What does the term buydown rate mean?

DeWayne Gibson avatar
Written by DeWayne Gibson
Updated over a week ago

When making a large purchase, many consumers need financial assistance.  Companies like Wells Fargo, GE Capitol, American Express, Green Sky and local banks will provide this assistance.  When given an opportunity to finance, many times the customer will pay much more to get a better system. 

Unfortunately, the usual revolving rate for these types of loans can be up to 29.99%.  And in the case that the customer would take your financing assistance, they would most likely say "NO" to a 29.99% loan.  

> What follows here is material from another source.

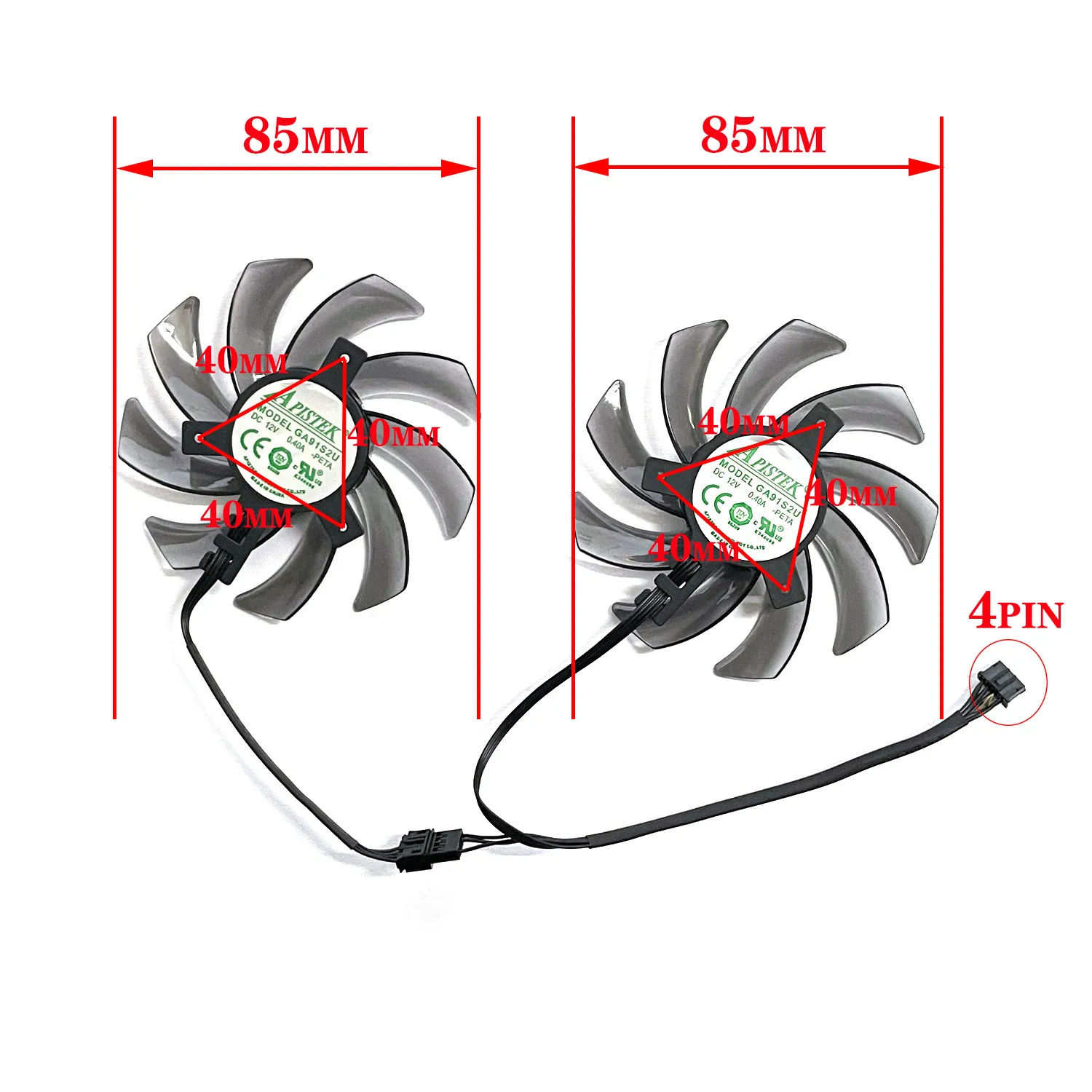 2pcs 85mm FDC10H12S9-C GA91S2U 4PIN für Tongde Geforce GTX 1070 TI 1070 1060 1080 GTX1060 Dual Graphics Card Cooling Lüfter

This is where the buydown rate comes in.  Most financial institutions like the ones mentioned above will allow the contractor to "buy down" the rate from 29.99%, to some lower rate that a consumer would accept.  Such as 3.9% for 60 months, or 9.9% for 72 months.  

Everyone gets to win here.  Ultimately the consumer is just pre-paying a finance charge to get a better Annual Percentage Rate.  This rate usually comes with a cost.  It can be anywhere from 3% up to as much as 20% of the cost of the transaction.  

So in our program, under the company defaults area, you can enter the typical rate you want to add to your system price.  We use a margin on this and not a mark-up.  

Example.  A $10,000 system that has a 10% buydown rate will cost you $1,111.  So the ultimate selling price to the consumer is $11,111.  When you get your check, it will be for $10,000.  That is $11,111 less 10% or $1,111.  

In the picture above you can see in the four quality levels there is a possibility of setting a varying level of cost to the level.  You can base this on what you want to offer, other costs such as manufacturers shared rebate costs, and even in the case of some States, applying State tax to the entire job.